■ **WHAT YOU HAVE TO DO**
Copy each of the entries below faithfully, setting aside any pictures.
----- ENTRIES PROVIDED
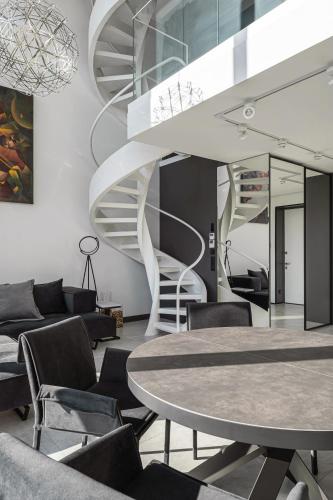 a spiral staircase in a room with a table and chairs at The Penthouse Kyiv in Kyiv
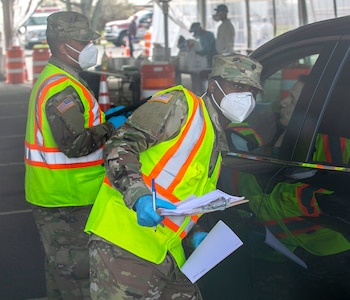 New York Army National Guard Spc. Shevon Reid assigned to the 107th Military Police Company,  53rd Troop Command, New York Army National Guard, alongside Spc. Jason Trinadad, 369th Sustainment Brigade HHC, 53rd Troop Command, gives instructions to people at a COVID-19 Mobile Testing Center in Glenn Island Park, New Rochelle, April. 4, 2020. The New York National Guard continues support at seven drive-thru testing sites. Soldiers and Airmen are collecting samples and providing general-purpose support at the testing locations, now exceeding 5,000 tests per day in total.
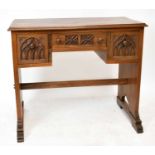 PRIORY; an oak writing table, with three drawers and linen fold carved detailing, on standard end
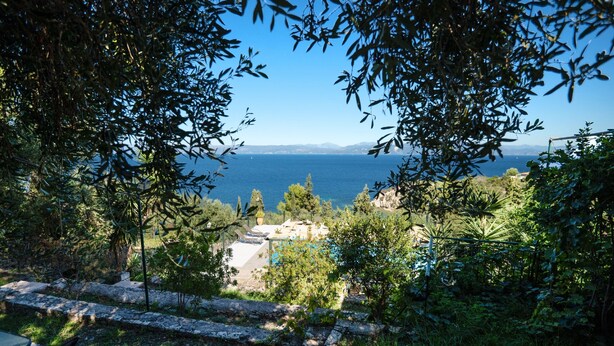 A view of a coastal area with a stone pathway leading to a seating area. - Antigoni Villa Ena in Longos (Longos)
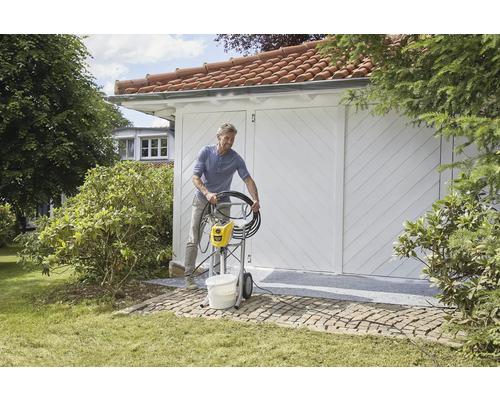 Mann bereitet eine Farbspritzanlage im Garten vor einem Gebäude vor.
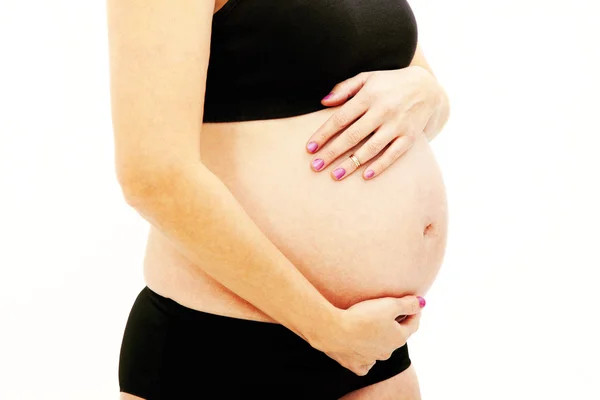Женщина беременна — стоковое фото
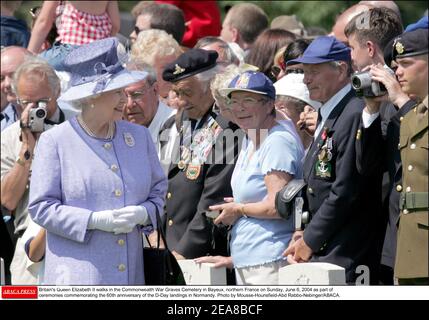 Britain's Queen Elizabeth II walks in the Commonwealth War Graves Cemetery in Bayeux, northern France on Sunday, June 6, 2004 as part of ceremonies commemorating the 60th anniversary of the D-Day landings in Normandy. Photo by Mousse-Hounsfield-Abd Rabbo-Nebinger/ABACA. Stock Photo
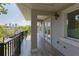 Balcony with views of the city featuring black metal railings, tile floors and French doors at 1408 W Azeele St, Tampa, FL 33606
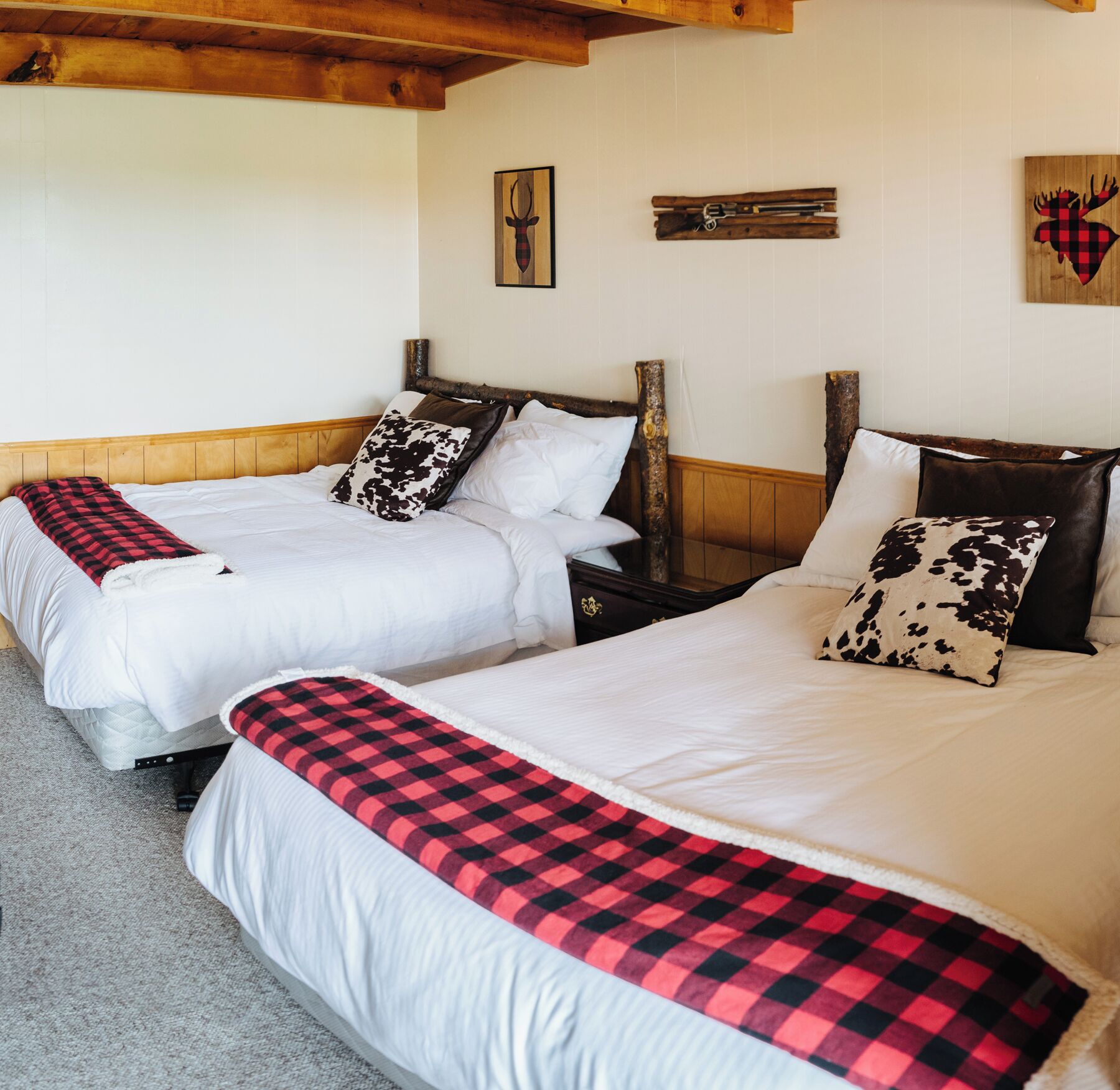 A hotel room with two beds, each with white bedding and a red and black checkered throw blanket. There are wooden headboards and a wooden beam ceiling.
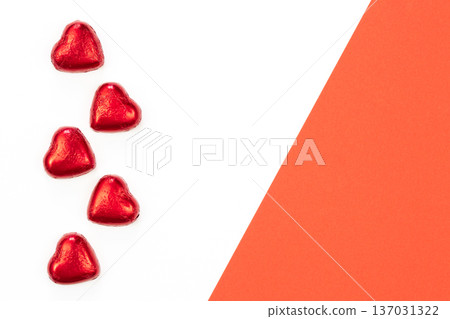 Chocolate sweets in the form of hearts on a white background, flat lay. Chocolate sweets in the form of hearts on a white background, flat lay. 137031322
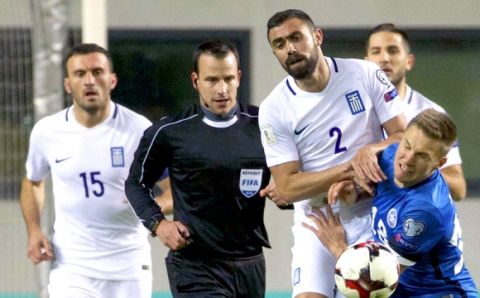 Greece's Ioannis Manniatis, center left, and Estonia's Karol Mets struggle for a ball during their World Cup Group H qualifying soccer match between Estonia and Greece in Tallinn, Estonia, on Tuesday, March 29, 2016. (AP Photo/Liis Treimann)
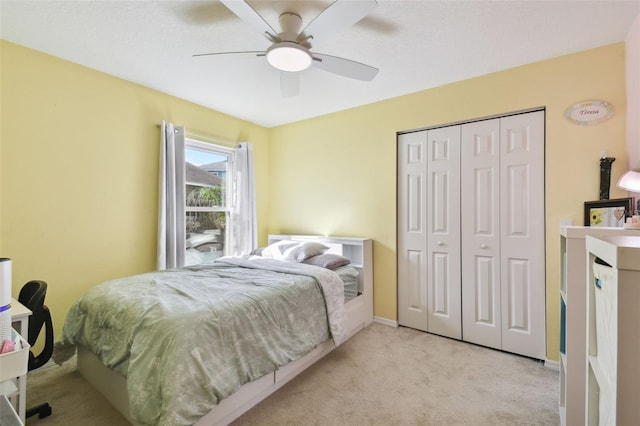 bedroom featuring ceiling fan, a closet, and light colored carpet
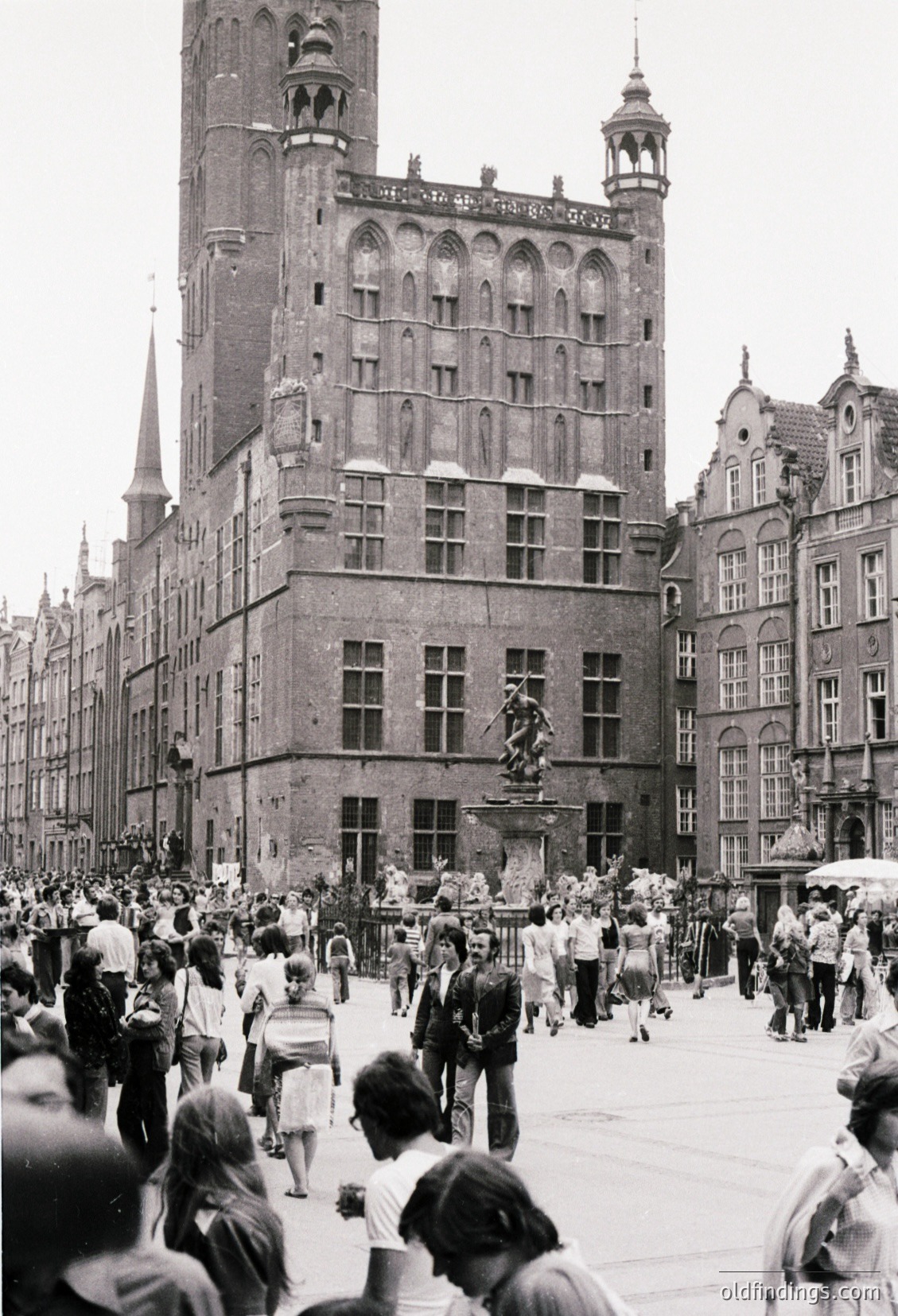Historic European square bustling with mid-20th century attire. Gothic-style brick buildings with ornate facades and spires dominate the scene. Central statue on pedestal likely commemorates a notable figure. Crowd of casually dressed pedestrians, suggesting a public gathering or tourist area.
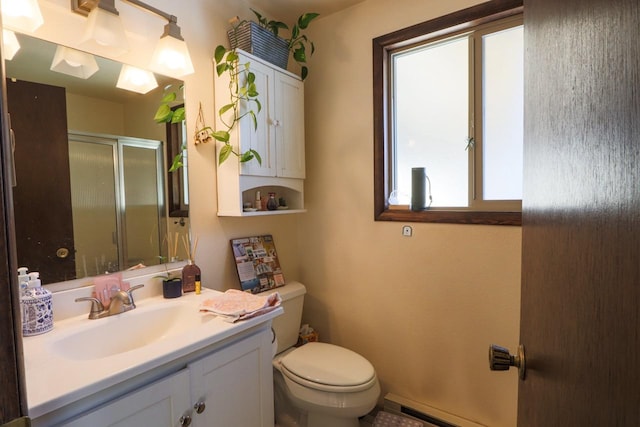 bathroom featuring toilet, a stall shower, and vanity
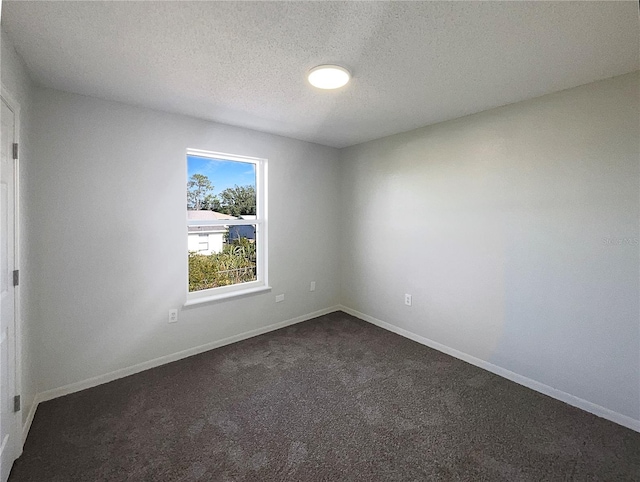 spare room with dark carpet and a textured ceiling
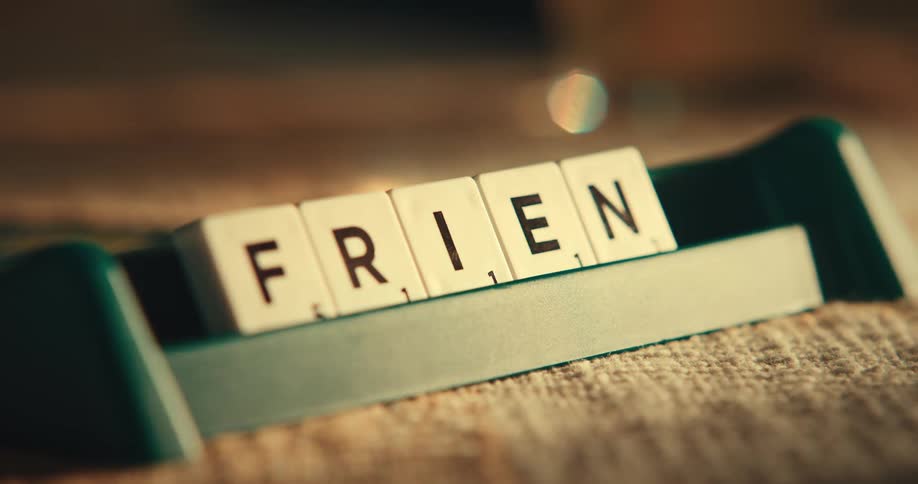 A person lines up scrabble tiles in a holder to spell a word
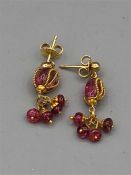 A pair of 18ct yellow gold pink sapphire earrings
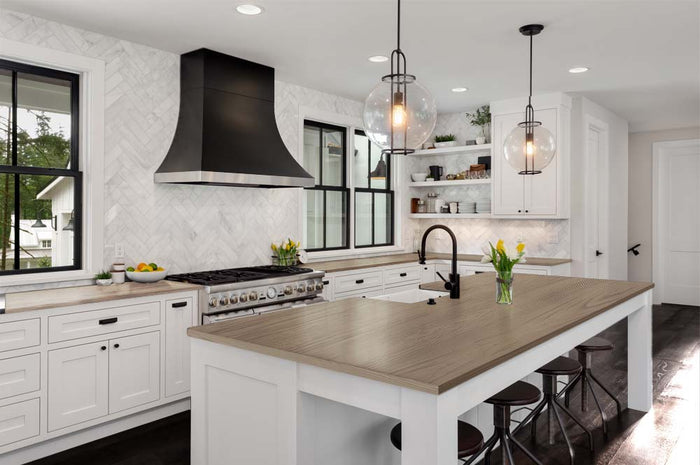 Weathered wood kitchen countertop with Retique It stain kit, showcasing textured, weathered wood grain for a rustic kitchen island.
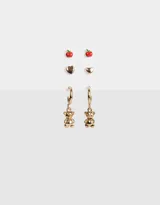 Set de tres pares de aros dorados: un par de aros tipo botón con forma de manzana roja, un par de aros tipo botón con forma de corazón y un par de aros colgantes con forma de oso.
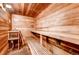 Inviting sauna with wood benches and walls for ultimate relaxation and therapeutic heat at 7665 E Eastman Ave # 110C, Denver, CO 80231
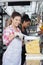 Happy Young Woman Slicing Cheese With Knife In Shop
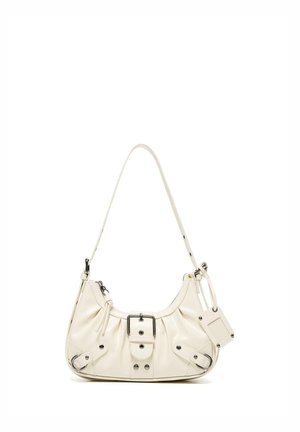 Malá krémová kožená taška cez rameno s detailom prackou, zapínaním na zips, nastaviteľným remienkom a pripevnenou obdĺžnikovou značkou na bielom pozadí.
----------
■ **RESULT FOR THIS EXERCISE**
 a spiral staircase in a room with a table and chairs at The Penthouse Kyiv in Kyiv
 New York Army National Guard Spc. Shevon Reid assigned to the 107th Military Police Company,  53rd Troop Command, New York Army National Guard, alongside Spc. Jason Trinadad, 369th Sustainment Brigade HHC, 53rd Troop Command, gives instructions to people at a COVID-19 Mobile Testing Center in Glenn Island Park, New Rochelle, April. 4, 2020. The New York National Guard continues support at seven drive-thru testing sites. Soldiers and Airmen are collecting samples and providing general-purpose support at the testing locations, now exceeding 5,000 tests per day in total.
 PRIORY; an oak writing table, with three drawers and linen fold carved detailing, on standard end
 A view of a coastal area with a stone pathway leading to a seating area. - Antigoni Villa Ena in Longos (Longos)
 Mann bereitet eine Farbspritzanlage im Garten vor einem Gebäude vor.
Женщина беременна — стоковое фото
 Britain's Queen Elizabeth II walks in the Commonwealth War Graves Cemetery in Bayeux, northern France on Sunday, June 6, 2004 as part of ceremonies commemorating the 60th anniversary of the D-Day landings in Normandy. Photo by Mousse-Hounsfield-Abd Rabbo-Nebinger/ABACA. Stock Photo
 Balcony with views of the city featuring black metal railings, tile floors and French doors at 1408 W Azeele St, Tampa, FL 33606
 A hotel room with two beds, each with white bedding and a red and black checkered throw blanket. There are wooden headboards and a wooden beam ceiling.
 Chocolate sweets in the form of hearts on a white background, flat lay. Chocolate sweets in the form of hearts on a white background, flat lay. 137031322
 Greece's Ioannis Manniatis, center left, and Estonia's Karol Mets struggle for a ball during their World Cup Group H qualifying soccer match between Estonia and Greece in Tallinn, Estonia, on Tuesday, March 29, 2016. (AP Photo/Liis Treimann)
 bedroom featuring ceiling fan, a closet, and light colored carpet
Historic European square bustling with mid-20th century attire. Gothic-style brick buildings with ornate facades and spires dominate the scene. Central statue on pedestal likely commemorates a notable figure. Crowd of casually dressed pedestrians, suggesting a public gathering or tourist area.
 bathroom featuring toilet, a stall shower, and vanity
 spare room with dark carpet and a textured ceiling
 A person lines up scrabble tiles in a holder to spell a word
 A pair of 18ct yellow gold pink sapphire earrings
 Weathered wood kitchen countertop with Retique It stain kit, showcasing textured, weathered wood grain for a rustic kitchen island.
 Set de tres pares de aros dorados: un par de aros tipo botón con forma de manzana roja, un par de aros tipo botón con forma de corazón y un par de aros colgantes con forma de oso.
 Inviting sauna with wood benches and walls for ultimate relaxation and therapeutic heat at 7665 E Eastman Ave # 110C, Denver, CO 80231
 Happy Young Woman Slicing Cheese With Knife In Shop
 Malá krémová kožená taška cez rameno s detailom prackou, zapínaním na zips, nastaviteľným remienkom a pripevnenou obdĺžnikovou značkou na bielom pozadí.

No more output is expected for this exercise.